One interpretation of Islamic finance is that by its nature there can be no guarantee of return of principal in a transaction. Nor is there any interest allowed on capital One gets a pre-agreed share in the result. Both of gain and of loss.

If that is the case, there are some very fundamental consequences.

In terms of the relationship between the provider of capital and the user of the capital. To use conventional terms - lender and borrower.

As well as the lender and depositor - where an intermediary ("bank") provides the capital. Deposits are no longer the conventional deposit but arrangements where the depositor specifies the projects or has a mirror image arrangement with the intermediary. The intermediary is only liable in cases of gross misconduct.

This view has some follow on implications.

Accounting - what belongs on the intermediary's balance sheet - what are its assets and liabilities.

Capital ratios - equity is weighted heavier from a risk perspective than debt.

Abu 'Arqala said...

Vanguard

Middleway and Structures - Part 1

One of my roommates in college was (still is) an Orthodox Jew. Many times when I'd ask a question about beliefs of Judaism, because he knew of my study of Islam and the Arab World, he would preface his response with "Well, you know like our cousins (the Muslims) our faith is one of orthopraxy not orthodoxy like you Christians. Meaning not that there weren't beliefs involved in the faith, but that much of being a good Jew or Muslim was complying with the letter of the law and the ritual.

Apropos of that some examples.

I once asked someone to explain Muslim prayer to me by way of a live demonstration with tafsir. We nipped down to our local masjid. When thereafter I attempted to pray, a sheikh walking by remarked "shirk" in the middle of my sujud. Later I asked for an explanation and was advised that my left ankle was at the wrong angle. Not only was my prayer thereby invalidated but that failure was an expression of disbelief.

I once asked someone involved in reviewing the "Islamicness" of transactions to explain to me why a mortgage loan from a conventional bank say ADCB was not Islamic when a loan on the exact same terms (except for the prepayment penalty) from say ADIB was.

His response. You fall in love with a woman. One thing leads to another. A son is born. If you have a piece of paper saying you're married, the child is legitimate. If not, he's a bastard. What difference does the form (the piece of paper) make to the content of the relationship?

One might I suppose argue that there is a difference between "marriage" and المتعة. Much as there is a difference between a real and a structured trade transaction.

Abu 'Arqala said...

Middleway and Structures - Part 2

One argument that often comes up in the Middleway discussions is that the attempt to implement Shari'ah compliant banking into an economic system that is not Shari'ah compliant is doomed to frustration. To mix metaphors, times and ideologies, the equivalent of saddling a cow.

If we accept the central argument of إقتصادنا للسيد محمد باقر الصدر
then there is a fundamental difference between the capitalist, socialist and Shari'ah compliant economies.

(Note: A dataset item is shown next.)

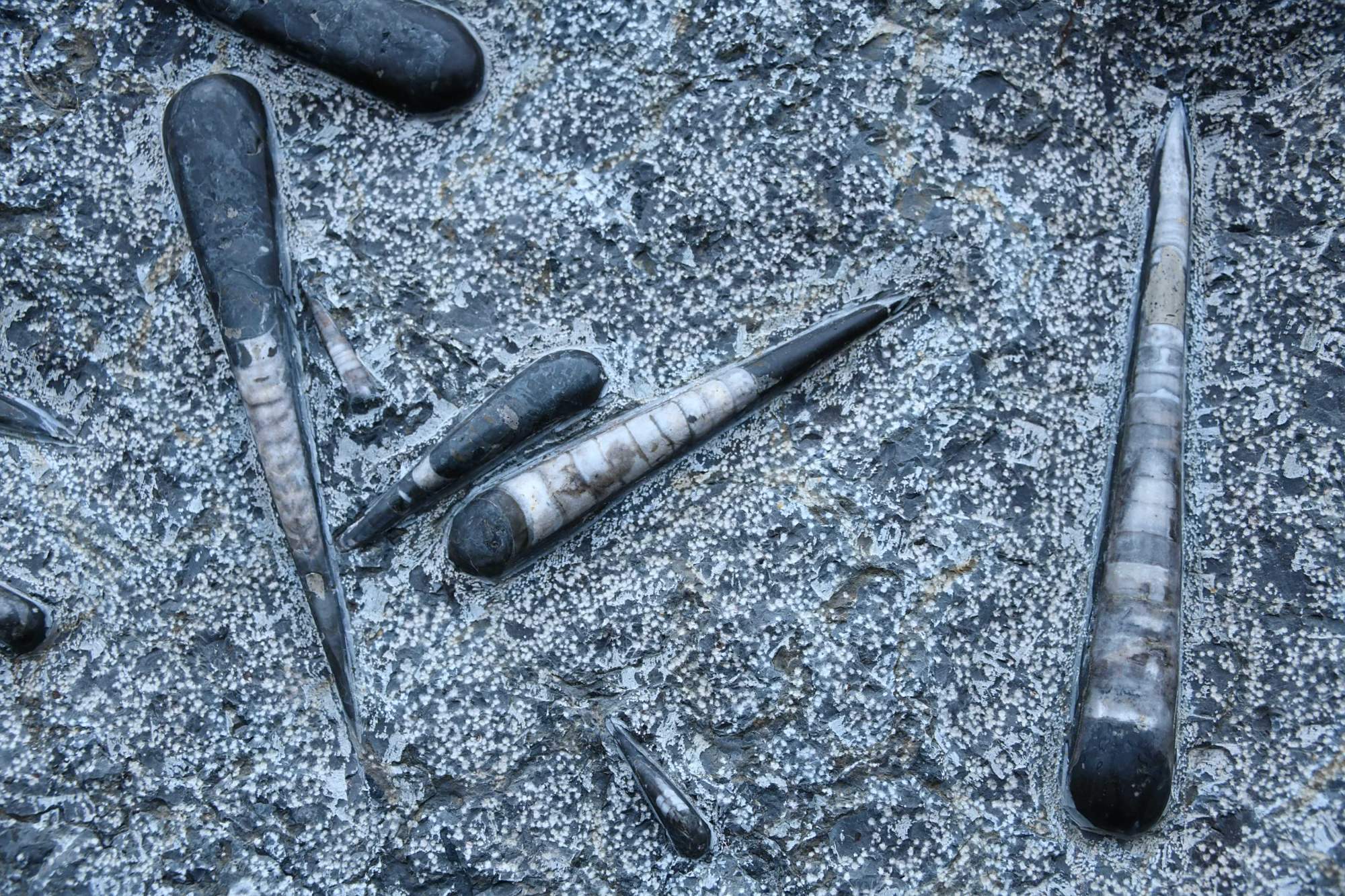 3000多只4亿年前软体动物化石"震旦角石"惊现湖北恩施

Since the financial sector is at the heart of the economy, then Islamic banking in today's environement is transplanting a human heart into a horse.

And even if there isn't that fundamental difference, there are still institutional impediments. The legal systems in the MENA region are by and large non Shari'ah legal systems. Equipped to deal with non Shari'ah compliant transaction dispute settlements. What do we make of the fairly standard law for jailing someone for bouncing a check? What would the Prophet (SAAWAWS) have done in such a case?

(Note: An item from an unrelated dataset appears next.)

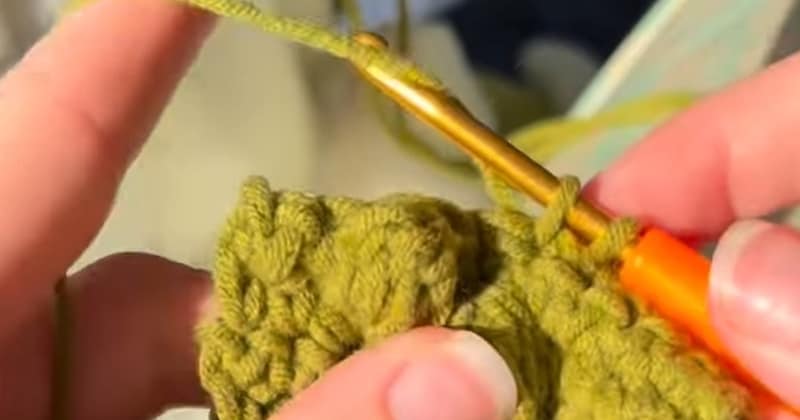 手編みで作ったカエル型バッグ→手を離すと……「ブラボー!」 “まさかの仕掛け”が31万再生 「これ好き」「天才」【海外】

So is it that perhaps the Middleway is the best we can achieve in the circumstances in which we find ourselves? And then that prayer 3 times a day is preferable to no prayer at all?

All that being said, you will notice that I am a fairly fierce critic of Abu Yusuf "Islamic" banking. So there must be some content. Some honest effort.

Let me know what your take is on this topic.

Abu 'Arqala said...

Vanguard

By the way suggest you think about incorporating your responses here into a post on your blog.

Sadly, not everyone reads the comments. And that is where a lot of the real value on blogs occurs.